CBS Removes Bryan Fuller as Star Trek: Discovery Showrunner

It seems that after delaying Star Trek: Discovery once by moving its premiere from January to May 2017 to work around Bryan Fuller's schedule, CBS has had enough when it seemed they might have had to do it a second time. It was officially announced that Bryan Fuller has "stepped down" as showrunner of Discovery and will be replaced with current show producers Gretchen Berg and Aaron Harberts.
"We are extremely happy with the creative direction of Star Trek: Discovery and the strong foundation that Bryan Fuller has helped us create for the series," producers CBS Television Studios said Wednesday in a statement. "Due to Bryan’s other projects, he is no longer able to oversee the day-to-day of Star Trek, but he remains an executive producer, and will continue to map out the story arc for the entire season. Alex Kurtzman, co-creator and executive producer, along with Fuller’s producing partners and longtime collaborators, Gretchen Berg and Aaron Harberts, will also continue to oversee the show with the existing writing and producing team.

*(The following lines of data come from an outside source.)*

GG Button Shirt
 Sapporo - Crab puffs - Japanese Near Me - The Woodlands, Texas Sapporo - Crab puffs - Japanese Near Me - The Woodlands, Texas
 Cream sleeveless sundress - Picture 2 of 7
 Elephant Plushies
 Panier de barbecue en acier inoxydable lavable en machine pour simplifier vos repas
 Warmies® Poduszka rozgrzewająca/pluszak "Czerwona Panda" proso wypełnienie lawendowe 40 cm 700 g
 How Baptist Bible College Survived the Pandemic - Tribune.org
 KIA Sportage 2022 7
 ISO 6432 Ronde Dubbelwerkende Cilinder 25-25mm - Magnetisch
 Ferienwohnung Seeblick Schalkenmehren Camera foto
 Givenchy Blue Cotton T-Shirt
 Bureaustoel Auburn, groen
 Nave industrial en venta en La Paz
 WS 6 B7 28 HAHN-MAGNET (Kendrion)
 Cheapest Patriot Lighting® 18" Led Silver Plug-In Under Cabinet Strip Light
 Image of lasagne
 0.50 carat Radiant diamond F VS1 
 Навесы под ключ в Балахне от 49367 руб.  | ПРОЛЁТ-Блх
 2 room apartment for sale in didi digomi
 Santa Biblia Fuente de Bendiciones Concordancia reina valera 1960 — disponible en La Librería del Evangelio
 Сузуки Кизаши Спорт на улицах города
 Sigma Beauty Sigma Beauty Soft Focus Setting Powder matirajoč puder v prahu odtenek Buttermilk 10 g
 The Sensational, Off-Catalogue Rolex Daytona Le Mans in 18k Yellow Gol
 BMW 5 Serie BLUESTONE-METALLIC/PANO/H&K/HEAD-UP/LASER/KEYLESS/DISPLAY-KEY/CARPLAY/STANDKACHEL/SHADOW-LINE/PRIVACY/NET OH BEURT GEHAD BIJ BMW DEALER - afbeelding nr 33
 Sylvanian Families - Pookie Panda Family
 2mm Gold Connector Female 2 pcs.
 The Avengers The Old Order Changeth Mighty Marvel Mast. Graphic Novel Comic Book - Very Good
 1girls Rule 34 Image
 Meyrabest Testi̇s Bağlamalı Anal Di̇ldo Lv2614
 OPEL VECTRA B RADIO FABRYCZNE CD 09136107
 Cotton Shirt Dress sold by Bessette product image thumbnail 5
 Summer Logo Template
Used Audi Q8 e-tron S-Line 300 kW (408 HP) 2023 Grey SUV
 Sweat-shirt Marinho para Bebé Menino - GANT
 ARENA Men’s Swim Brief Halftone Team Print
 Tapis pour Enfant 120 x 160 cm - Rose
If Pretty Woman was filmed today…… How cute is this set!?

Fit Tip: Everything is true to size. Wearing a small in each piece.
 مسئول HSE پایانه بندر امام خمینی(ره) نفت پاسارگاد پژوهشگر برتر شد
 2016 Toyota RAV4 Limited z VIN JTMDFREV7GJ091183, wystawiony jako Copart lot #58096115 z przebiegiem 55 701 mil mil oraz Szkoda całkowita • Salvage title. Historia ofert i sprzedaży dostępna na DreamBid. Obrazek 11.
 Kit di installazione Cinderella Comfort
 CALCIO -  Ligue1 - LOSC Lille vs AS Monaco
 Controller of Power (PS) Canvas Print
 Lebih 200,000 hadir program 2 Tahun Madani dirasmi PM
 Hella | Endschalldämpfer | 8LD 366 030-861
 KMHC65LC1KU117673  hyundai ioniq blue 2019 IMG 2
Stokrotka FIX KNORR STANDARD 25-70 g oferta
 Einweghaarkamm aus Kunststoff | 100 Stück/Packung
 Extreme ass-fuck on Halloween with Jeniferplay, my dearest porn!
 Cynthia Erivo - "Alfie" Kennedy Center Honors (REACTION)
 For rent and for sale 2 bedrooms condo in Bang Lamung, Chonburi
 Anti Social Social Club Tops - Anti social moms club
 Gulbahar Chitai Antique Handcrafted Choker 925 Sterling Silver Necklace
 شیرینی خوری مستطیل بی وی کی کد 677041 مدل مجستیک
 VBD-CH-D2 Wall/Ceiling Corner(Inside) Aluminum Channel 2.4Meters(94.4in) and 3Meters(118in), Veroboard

Bryan is a brilliant creative talent and passionate Star Trek fan, who has helped us chart an exciting course for the series. We are all committed to seeing this vision through and look forward to premiering Star Trek: Discovery this coming May 2017.”
Everything is phrased to allow Fuller to save face but make no mistake, CBS gave him an ultimatum. He probably asked for more time, they said no and demanded he either prioritize Star Trek over his other TV projects Starz's American Gods and NBC's Amazing Stories or step down. He chose the more lucrative projects as I am betting he gets no back end points for Star Trek considering its long established and fully owned by CBS where he can get co-creator credit and other incentives if both move ahead with multiple seasons.

Fuller has already written the first two episodes of Discovery and outlined the first season story arc for the new showrunners to follow (or not) so his stamp will be all over the show, especially since he has been involved with most of the set, ship, character, costume, etc designs. Casting has mostly been completed except for the lead role of "Number One". Roles cast include an openly gay human male, a female admiral, male Klingon captain, male admiral, male adviser, and British male doctor. Fuller will retain executive producer credit which will give him some influence on the show but that will influence will be greatly reduced since he will not be involved in day to day decision making. Completing casting and prepping for next month's filming start date will now fall to the new showrunners.

In theory Fuller will remain part of the writer's room and help with story decisions but I would not be surprised if that quickly comes to a halt since timing wise it will work out that American Gods will be completing post production for early 2017 release date, Amazing Stories will be gearing up for its pilot shoot and Discovery will be entering the home stretch to complete final episode scripts and filming. If he could not juggle all three now with one in post-production and two in pre-production, there is no way he could do it next year when all three will be in some form of production, post-production, and promotion phrases that require constant and daily decision making from the showrunner and occasionally the writers to adapt the script for problems that come up during and after filming.

While new showrunners Gretchen Berg and Aaron Harberts do not have Fuller's Star Trek background, they have worked with him in the past on Pushing Daisies. Throwing an odd little wrench in things and a sign that CBS may not necessarily like the direction the show was taking is their decision to add Akiva Goldsman in a "top creative role" who will serve as "producing support" for the two showrunners. I have no idea what that means for the show but will hazard a guess. His writing and producing history is full of successful but not critically acclaimed projects that suggests someone that tends to come in and do exactly what the studios want - no more, no less. He is likely there to punch up the scripts with more action while making sure the studio's will is minded including dialing down Trekism's so newbies to the franchise can follow the show. In addition he will likely push for remaining within and probably further below the current rumored budget of $6-7 million per episode. By contrast I think the average cost of Enterprise episode was around $2 million.

Speculation aside the main takeaway is this - Bryan Fuller is out as showrunner and his influence will decline as the season progresses. Producers Gretchen Berg and Aaron Harberts have now been promoted to co-showrunners with studio gun Akiva Goldsman hired to provide producing guidance. The rumored budget is around $6 million per episode, most of the casting is complete except for the main role and filming will start sometime in November for a May 2017 premiere of the show.